Tasleet served another reminder of why he must be considered one of the best value sires in Britain and Ireland when his first-crop son Bradsell recorded back-to-back Royal Ascot victories, striking in the Group 1 King’s Stand Stakes on Tuesday. In so doing he gave his sire a landmark first Group 1 win. The colt was a clear-cut winner of the Group 2 Coventry Stakes last year, before sustaining an injury in the Group 1 Keeneland Phoenix Stakes. Placed twice on his first two outings at three, both in group company, Bradsell relished the drop back to five furlongs in the King’s Stand, holding off the triple Group 1 heroine Highfield Princess.

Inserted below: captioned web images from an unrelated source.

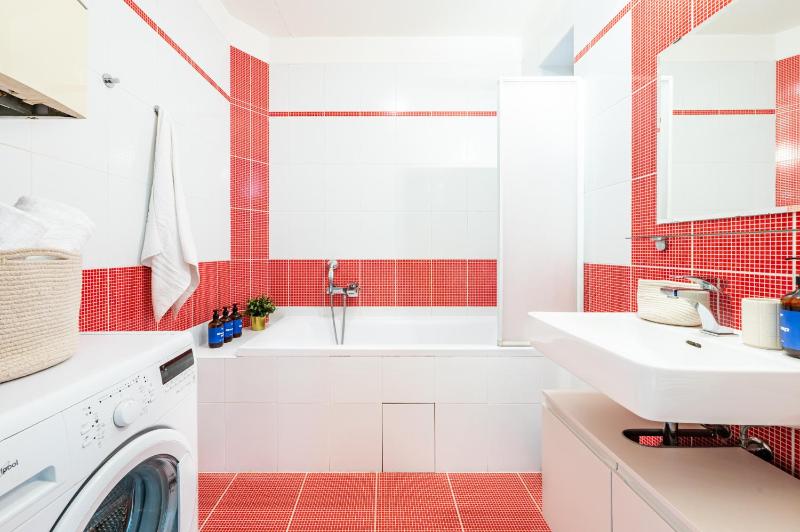 Prague Days - One-Bedroom Apartment with Smart TV and High-Speed Wi-Fi in Vinohrady - image 10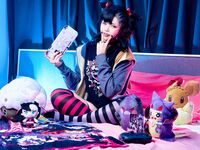 Asian Cosplayer ZinieQ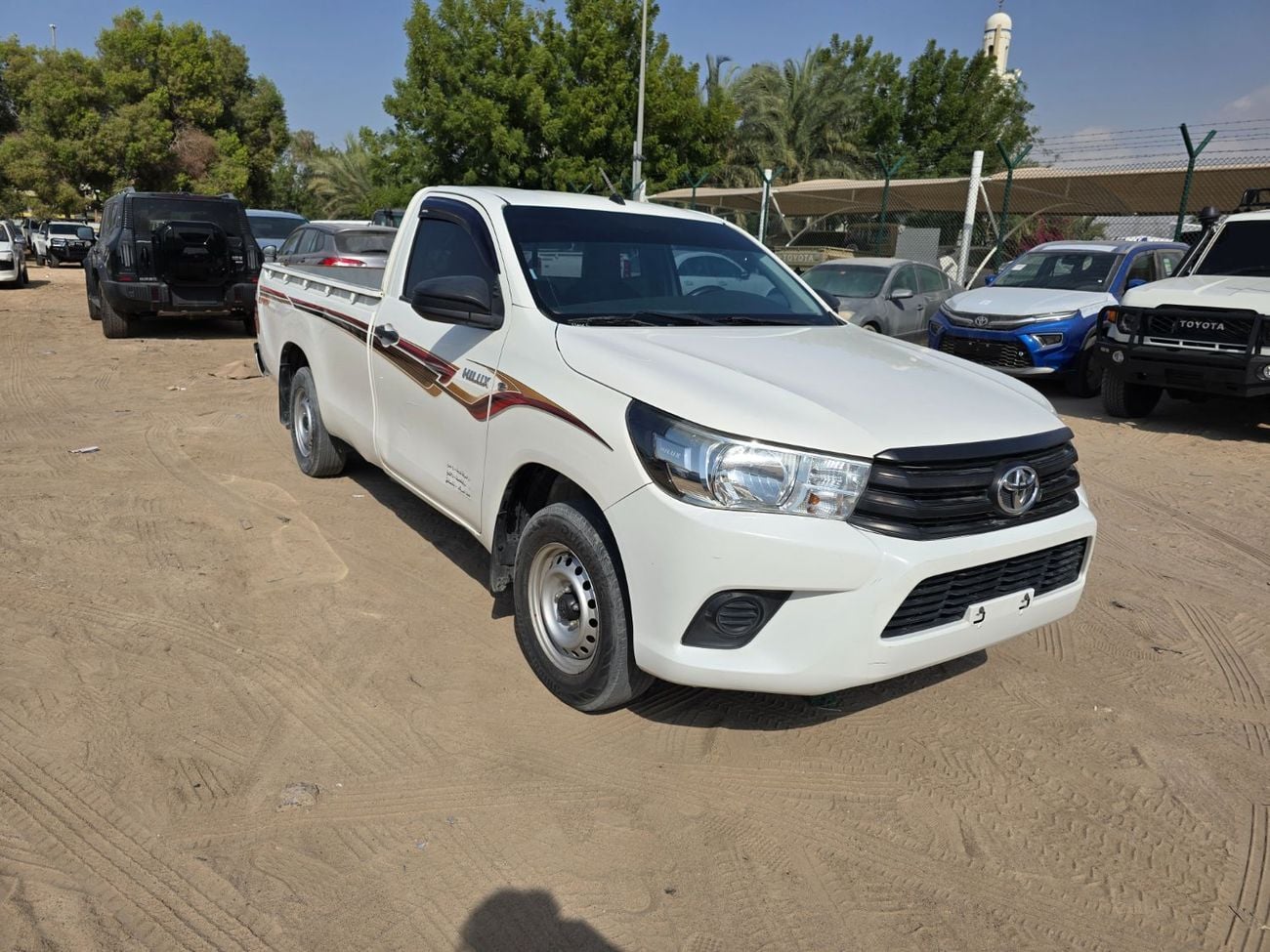 تويوتا هيلوكس GL 2.7L Single Cab Utility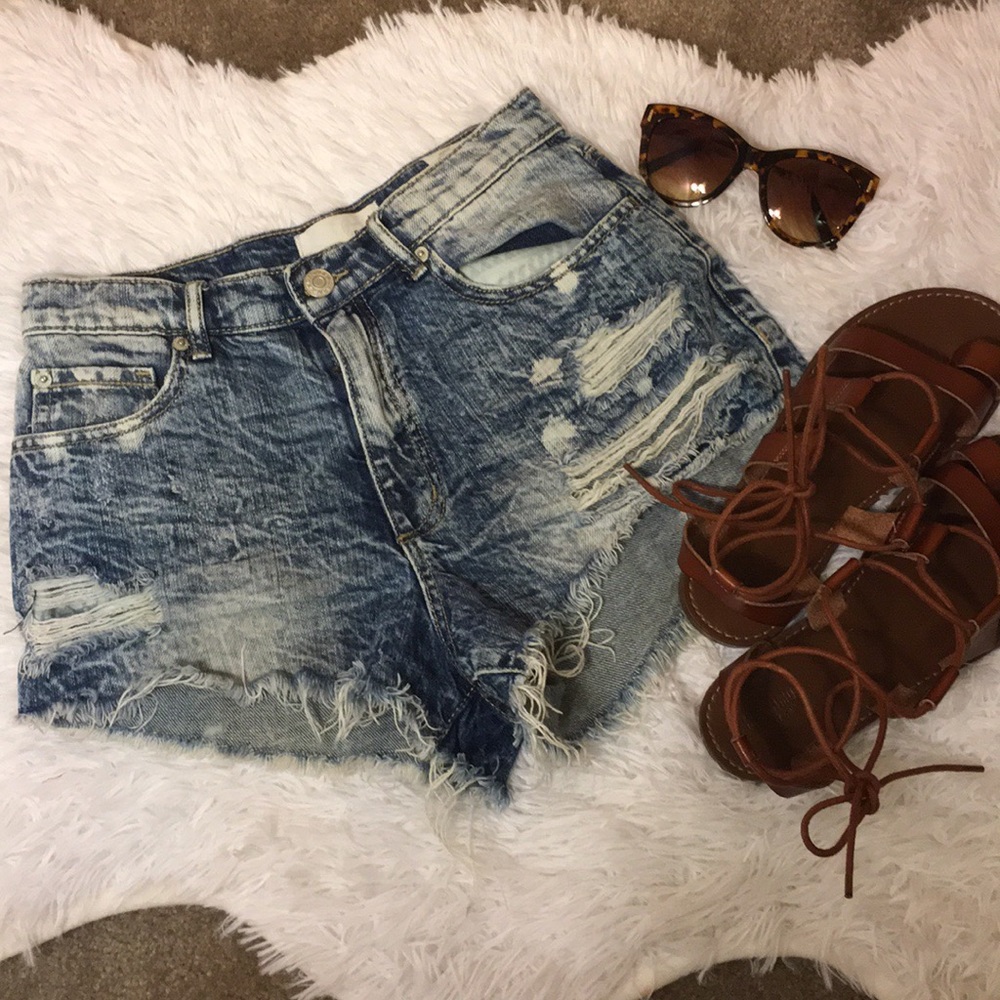 Garage destroyed denim acid wash shorts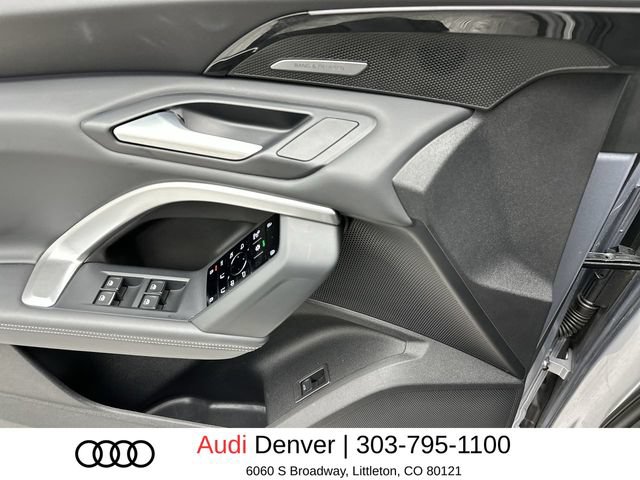Used 2025 Audi Q5 Premium w/ Premium Plus AWD/4WD image 13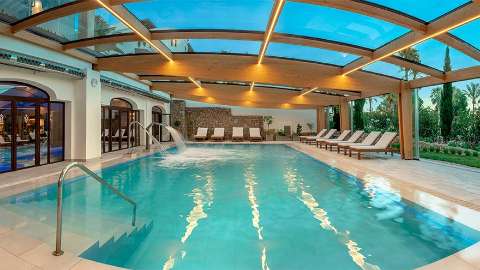 Accommodation - SH Villa Gadea - Pool view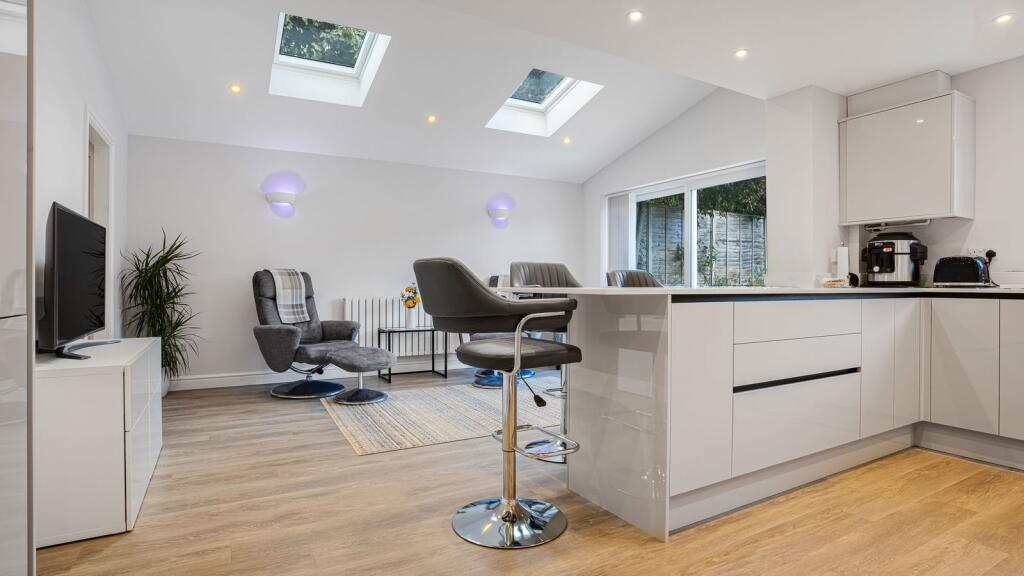 Additional image 7 of Woodston Grove, Solihull, B91 3XH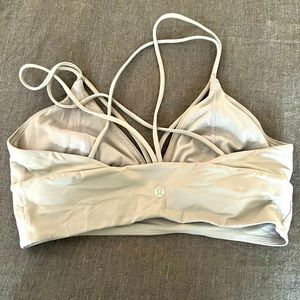 Lululemon lavender sports bra size 8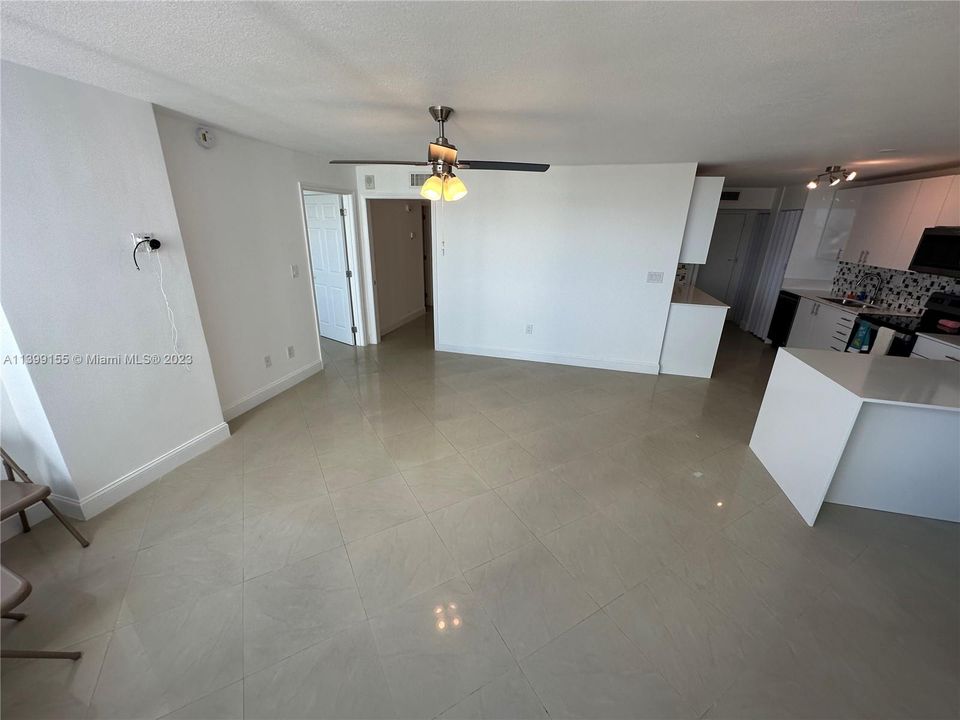 Recently Rented: $2,650 (2 beds, 2 baths, 1010 Square Feet)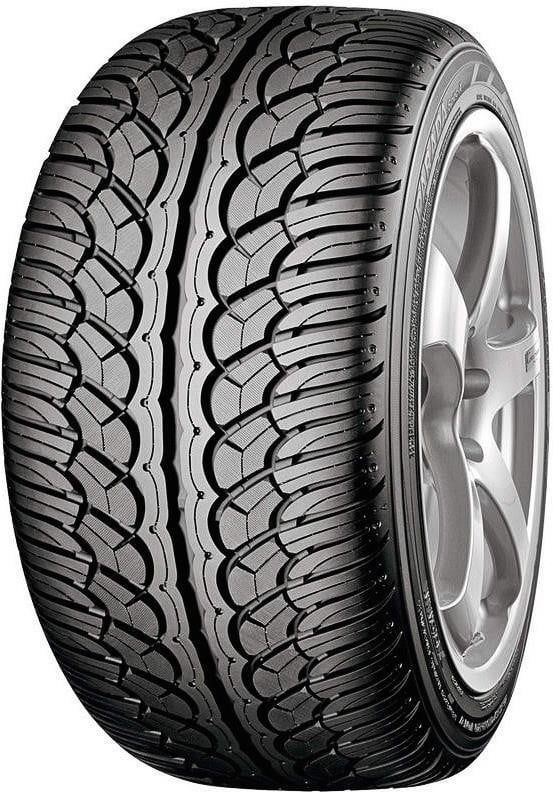 New P 305/40R22 Yokohama Parada Spec-X PA02 114V - Image 1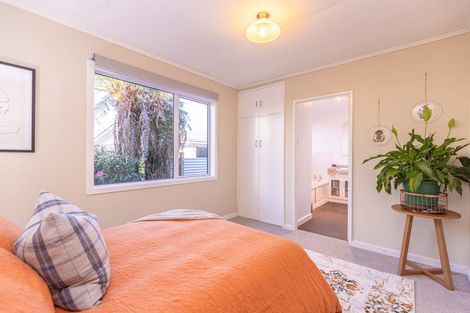 Photo of property in 56 Great North Road, Saint Johns Hill, Whanganui, 4500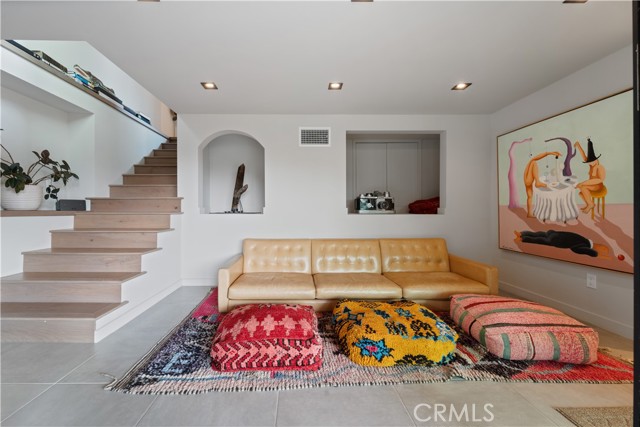 Detail Gallery Image 24 of 56 For 19778 Grand View Dr, Topanga,  CA 90290 - 4 Beds | 4/1 Baths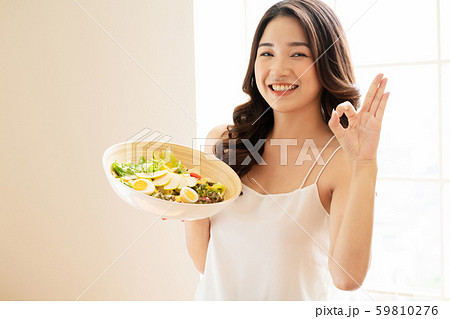 女性　ライフスタイル　食事 59810276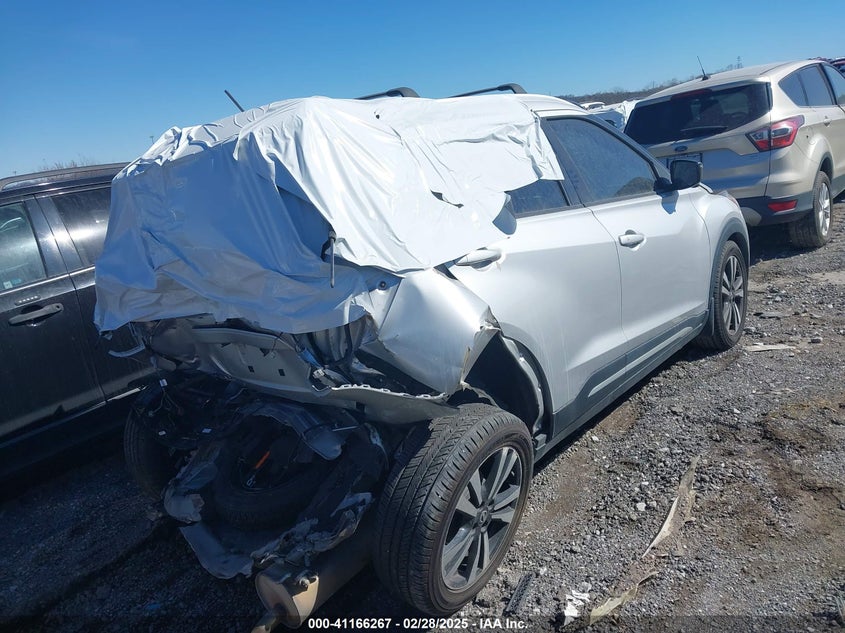 VIN 3N1CP5CU7KL561275 2019 NISSAN KICKS SR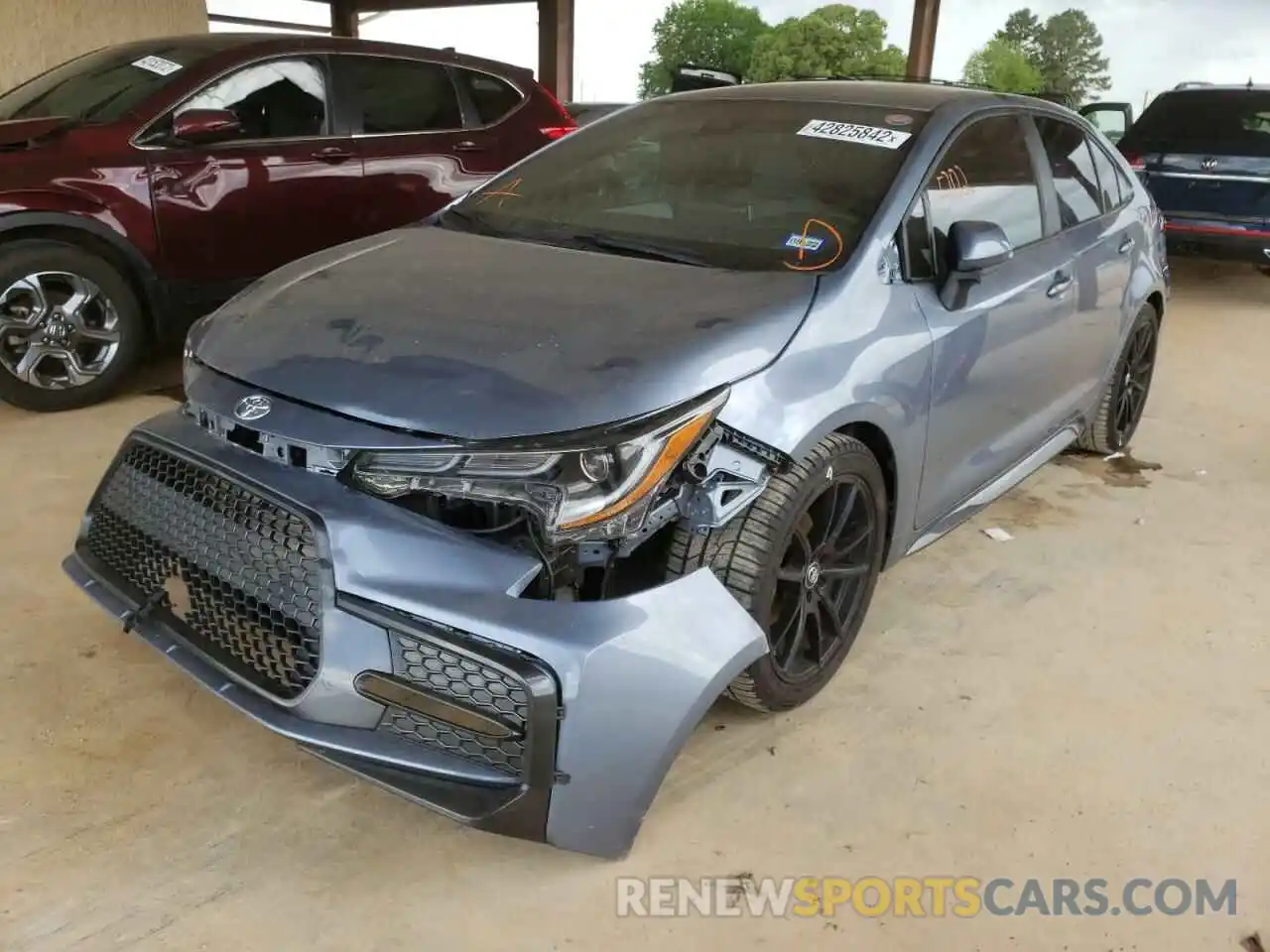 2 Photograph of a damaged car 5YFS4RCE9LP050611 TOYOTA COROLLA 2020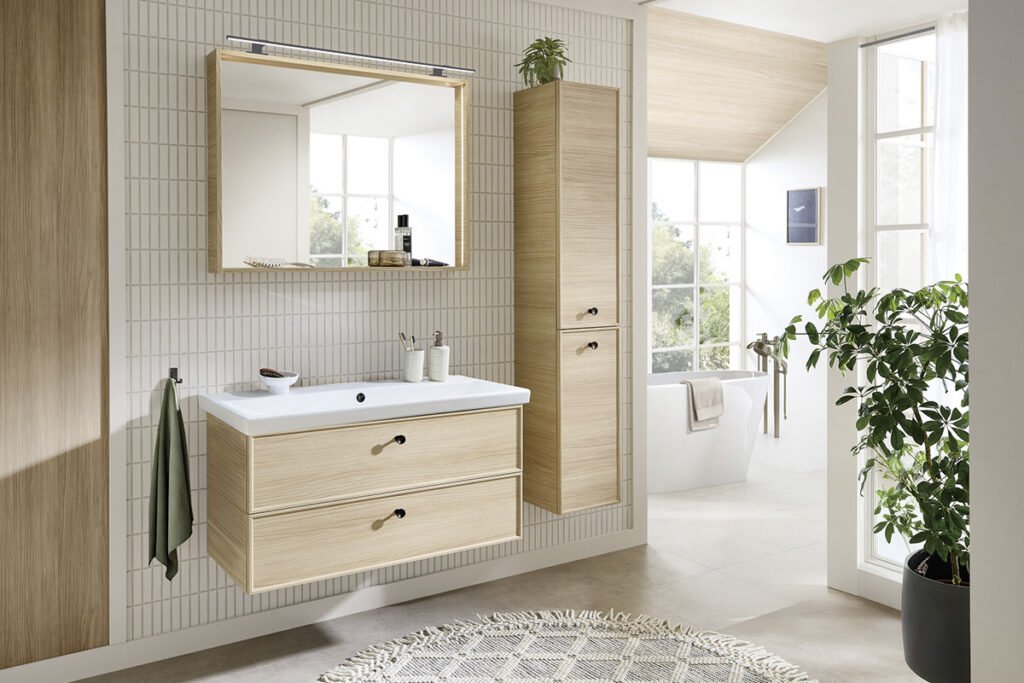 Badezimmer, Tropea Eiche quer Nachbildung, bestehend aus Rahmenspiegel, Waschtisch, Waschtischunterschrank und Hochschrank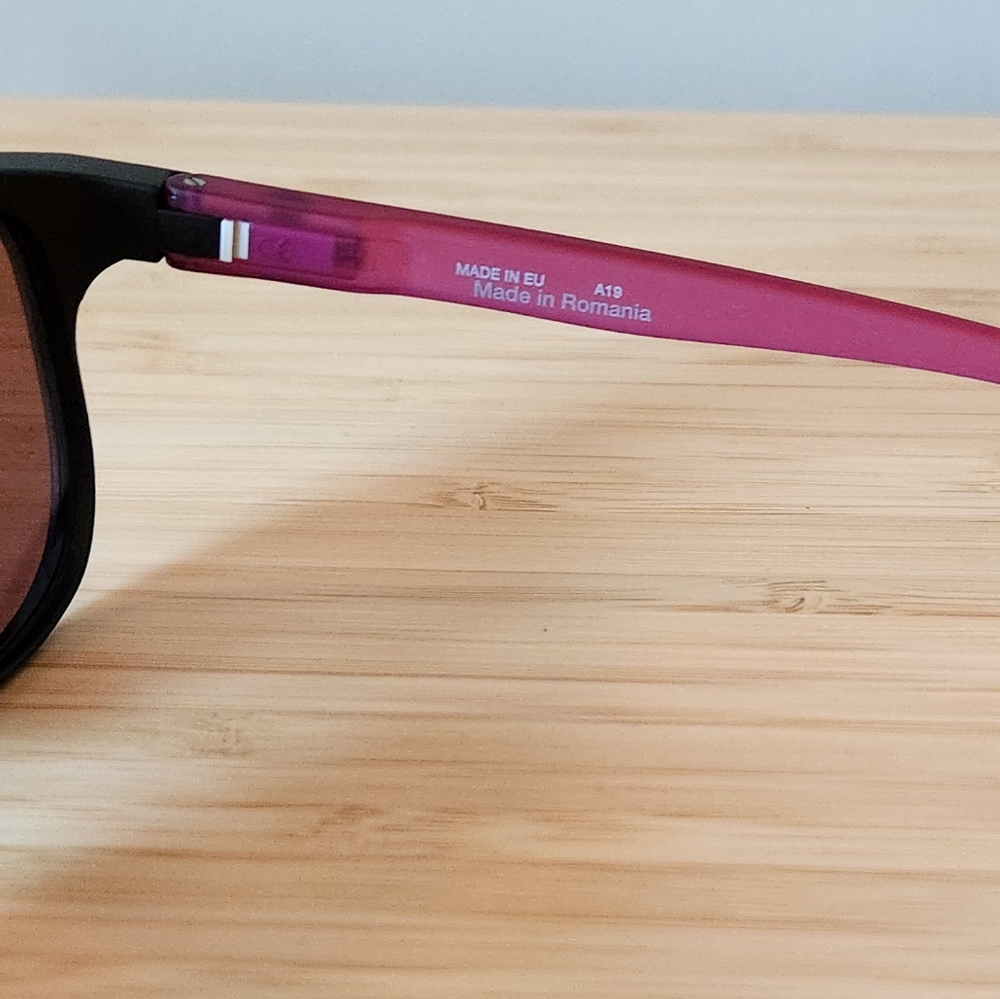 Black and Red Sunglasses - Picture 6 of 6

Bradsell was bred by Deborah O’Brien out of the Newbury listed-winning Archipenko (Kingmambo) mare Russian Punch, and was bought by Blandford Bloodstock from Mark Grant Racing for £47,000 at the Goffs UK Breeze-Up Sale, having earlier sold to Highflyer Bloodstock and Harry Dunlop for 12,000gns at the Tattersalls Somerville Sale,

A second winner for his dam, Bradsell’s victory in last year’s Coventry Stakes boosted the value of his now juvenile half-brother, Tribal Rhythm (Ulysses), who sold to Manor House Farm for £150,000 at last year’s Goffs UK Premier Yearling Sale. Remarkably, Bradsell and his dam are the only two stakes winners or placed horses in the first four generations of the family.

Tasleet was a fast and tough son of Showcasing (Oasis Dream) who carried the Shadwell silks to victory in the Group 2 Duke of York Stakes and to run second in the Group 1 Diamond Jubilee Stakes, Group 1 Haydock Sprint Cup and Group 1 British Champions Sprint.